Prima di tutto, perché non ti presenti ai nostri lettori?
Mi chiamo Valeria Luongo, sono una fotografa, filmmaker e antropologa romana che vive a Londra.
Puoi raccontarci qualcosa della serie di foto? Mi è parso di capire che si è trattato di un progetto che ti ha coinvolto per tanto tempo, entrando molto in contatto con i soggetti dei tuoi scatti.
L’idea mi è venuta per caso. Ero in autobus e sono passata vicino a un Convento. Ricordo di essermi chiesta che attività svolgessero le suore al di là della preghiera e cosa spingesse oggi giorno una donna a scegliere quello stile di vita. All’epoca stavo frequentando un corso di reportage fotografico e dovevo scegliere il tema per un progetto che avrei sviluppato durante l’anno. Non mi sarei certo aspettata di tornare nello stesso convento per più di tre anni!
Negli anni del Neorealismo, un tema abusato nella fotografia era proprio quello di preti e suore, quasi fossero un elemento del folklore italiano. Oggi questa “moda” mi sembra decaduta. Da dove proviene la tua ispirazione per queste fotografie?
Ad essere sincera mi sono approcciata a questo progetto con una buona dose di ingenuità. Era la prima volta che iniziavo un progetto di fotografia documentaria e mi ci sono buttata senza sapere troppo cosa aspettarmi o dove volessi arrivare. È stato più in là che ho iniziato a capire che direzione volessi prendere o che tipo di foto stessi cercando. Senz’altro, fonte di ispirazione sono state le fotografie dei pretini che giocano sulla neve di Mario Giacomelli. Mi affascinava l’idea di fotografare un lato della vita di queste persone che solitamente nessuno vede.

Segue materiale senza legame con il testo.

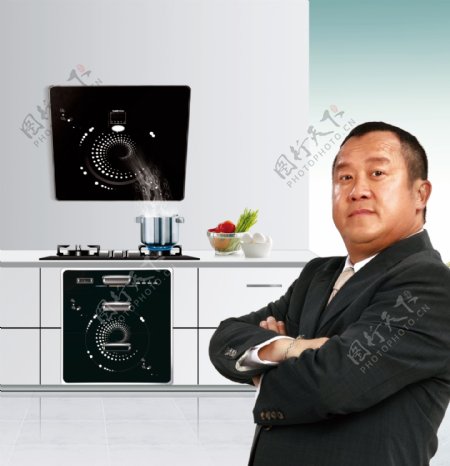 厨卫电器厨房效果图烟机灶具图片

Come sei stata accolta dal gruppo di suore che hai seguito per il progetto? La macchina fotografica per loro era un elemento ostile o meno?
Accedere al Convento non è stato difficile, la vera sfida è stata guadagnarsi la fiducia di un gruppo di donne che non amano stare al centro dell’attenzione. All’inizio alcune erano molto imbarazzate di fronte alla macchina, una di loro in seguito mi ha confidato che si sentiva terrorizzata dall’idea di essere fotografata.

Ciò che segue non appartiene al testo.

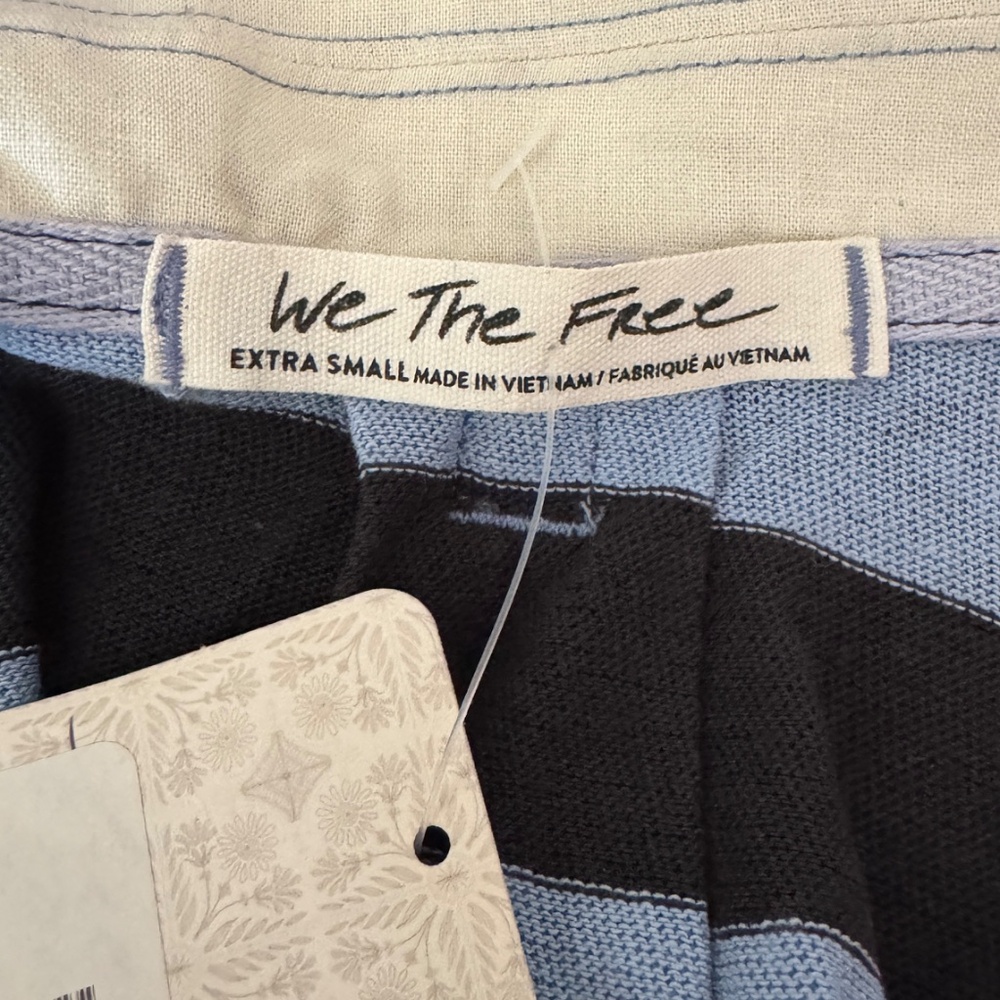 Free People Women's Doing It Rugby, Charcoal Blue Combo, XS - Picture 4 of 5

In corrispondenza dell’uscita del libro Morgana, Michela Murgia ha parlato delle suore come dei modelli della sua infanzia. Vedeva in loro la possibilità di sovvertire le regole tradizionali imposte alle donne, sottraendosi al destino da angelo del focolare, per una vita diversa, in comunità tutte al femminile. Tu che hai vissuto a stretto contatto con loro, cosa ne pensi?
Penso che la vita delle donne religiose sia cambiata molto rispetto al passato e continua ad evolversi, di pari passo con i cambiamenti della società. Generalizzare è difficile, credo che per capire la motivazione dietro la scelta di ciascuna di queste donne bisogna tenere conto del contesto socio-culturale e storico dal quale provengono.
A cos’altro stai lavorando?
Nel 2020 filmerò un documentario in Messico, un progetto al quale sto lavorando insieme ad altre due persone. Intanto sto pensando di iniziare un nuovo reportage fotografico qui a Londra ma sono ancora nella fase di progettazione!